- **DATA LISTING**:
*** Begin section ***

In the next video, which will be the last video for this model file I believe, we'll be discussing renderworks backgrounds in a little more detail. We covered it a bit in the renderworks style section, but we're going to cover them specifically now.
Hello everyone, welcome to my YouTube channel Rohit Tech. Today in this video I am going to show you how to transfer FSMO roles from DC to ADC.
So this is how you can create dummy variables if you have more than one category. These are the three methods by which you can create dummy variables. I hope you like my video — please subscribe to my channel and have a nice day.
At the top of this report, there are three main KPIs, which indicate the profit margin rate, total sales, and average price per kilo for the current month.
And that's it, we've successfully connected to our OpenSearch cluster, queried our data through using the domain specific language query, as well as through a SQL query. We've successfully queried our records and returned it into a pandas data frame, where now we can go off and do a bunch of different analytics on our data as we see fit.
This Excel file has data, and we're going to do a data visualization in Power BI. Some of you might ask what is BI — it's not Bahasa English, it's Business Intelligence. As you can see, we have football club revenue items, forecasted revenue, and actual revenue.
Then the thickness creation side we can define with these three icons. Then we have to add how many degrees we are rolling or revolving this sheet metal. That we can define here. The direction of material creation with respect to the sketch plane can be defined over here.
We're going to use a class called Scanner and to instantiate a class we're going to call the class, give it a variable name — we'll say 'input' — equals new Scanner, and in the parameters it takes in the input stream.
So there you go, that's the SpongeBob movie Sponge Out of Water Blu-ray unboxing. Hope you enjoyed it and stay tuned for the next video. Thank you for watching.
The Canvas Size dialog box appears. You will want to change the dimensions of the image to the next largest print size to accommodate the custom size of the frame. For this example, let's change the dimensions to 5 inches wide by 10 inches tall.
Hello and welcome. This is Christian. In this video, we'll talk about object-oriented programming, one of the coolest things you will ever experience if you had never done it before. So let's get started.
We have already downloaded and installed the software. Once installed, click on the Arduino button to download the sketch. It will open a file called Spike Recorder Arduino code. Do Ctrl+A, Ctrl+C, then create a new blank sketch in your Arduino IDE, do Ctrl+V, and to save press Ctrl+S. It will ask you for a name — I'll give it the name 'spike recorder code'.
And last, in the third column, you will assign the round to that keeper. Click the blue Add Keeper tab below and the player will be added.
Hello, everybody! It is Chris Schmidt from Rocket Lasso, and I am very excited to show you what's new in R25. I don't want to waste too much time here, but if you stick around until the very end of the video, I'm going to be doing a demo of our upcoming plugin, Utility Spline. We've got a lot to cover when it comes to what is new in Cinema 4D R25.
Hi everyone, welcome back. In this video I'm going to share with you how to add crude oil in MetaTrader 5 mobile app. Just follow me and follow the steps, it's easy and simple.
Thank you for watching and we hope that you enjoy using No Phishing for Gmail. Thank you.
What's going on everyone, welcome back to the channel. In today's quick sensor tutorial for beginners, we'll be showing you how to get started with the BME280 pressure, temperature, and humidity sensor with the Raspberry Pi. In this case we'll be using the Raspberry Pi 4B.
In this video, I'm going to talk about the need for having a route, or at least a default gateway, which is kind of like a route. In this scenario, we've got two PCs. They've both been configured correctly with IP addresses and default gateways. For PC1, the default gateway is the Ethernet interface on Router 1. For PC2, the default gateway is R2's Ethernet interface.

*** End section ***

- **WHAT YOU WILL DO**: Filter the data for the string "from" and copy every line that has it.

- **OUTPUT**:
Hello everyone, welcome to my YouTube channel Rohit Tech. Today in this video I am going to show you how to transfer FSMO roles from DC to ADC.
Hello, everybody! It is Chris Schmidt from Rocket Lasso, and I am very excited to show you what's new in R25. I don't want to waste too much time here, but if you stick around until the very end of the video, I'm going to be doing a demo of our upcoming plugin, Utility Spline. We've got a lot to cover when it comes to what is new in Cinema 4D R25.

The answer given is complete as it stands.